The woman hauled herself out of the front seat. Her face wrinkled with the effort and her small, old eyes leaked and blinked in the sun. Your father took a step back. He stood for a moment, shoved his hands in his pockets, and crossed the parking lot toward me, the rage fading and his face becoming again the mask it had been since I’d returned from London and, four days before, made my foolish confession—a mask I no longer had a right to question or remove.
We exited the structure and pulled into a handicapped spot in front of the emergency room entrance and ran. I held my sunglasses in my left hand and clutched my purse with my right. I had forgotten my sweater. Your father flung his windbreaker over his shoulder and the zipper stung my cheek, the beginnings of retribution, perhaps, for a past that had long ago laid down the invisible blueprint of our future.
WHEN WE RETURNED to the car at midnight, there was a ticket tucked under the windshield wiper.
“Two hundred and seventy dollars,” Jonathan said.
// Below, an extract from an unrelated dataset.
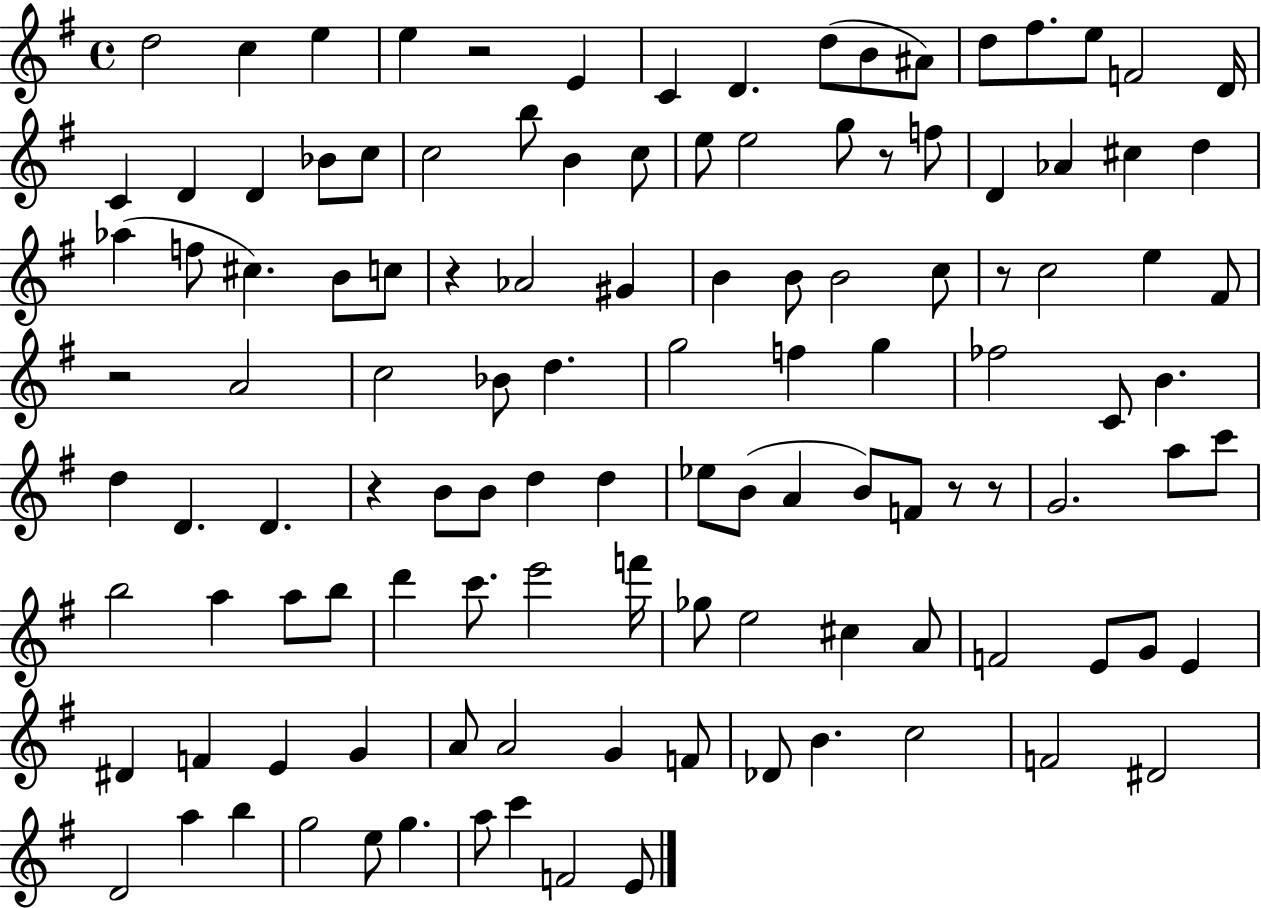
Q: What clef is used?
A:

He didn’t tear the ticket up but dropped it on the ground and crushed it beneath his foot, the way he might have snubbed out a cigarette. By then, a serious traumatic brain injury had been ruled out. But you had a concussion, a punctured lung, four broken ribs and a chipped right kneecap. And, most threatening, a severed renal artery that had potentially compromised your kidney—the only one, it turns out, you had.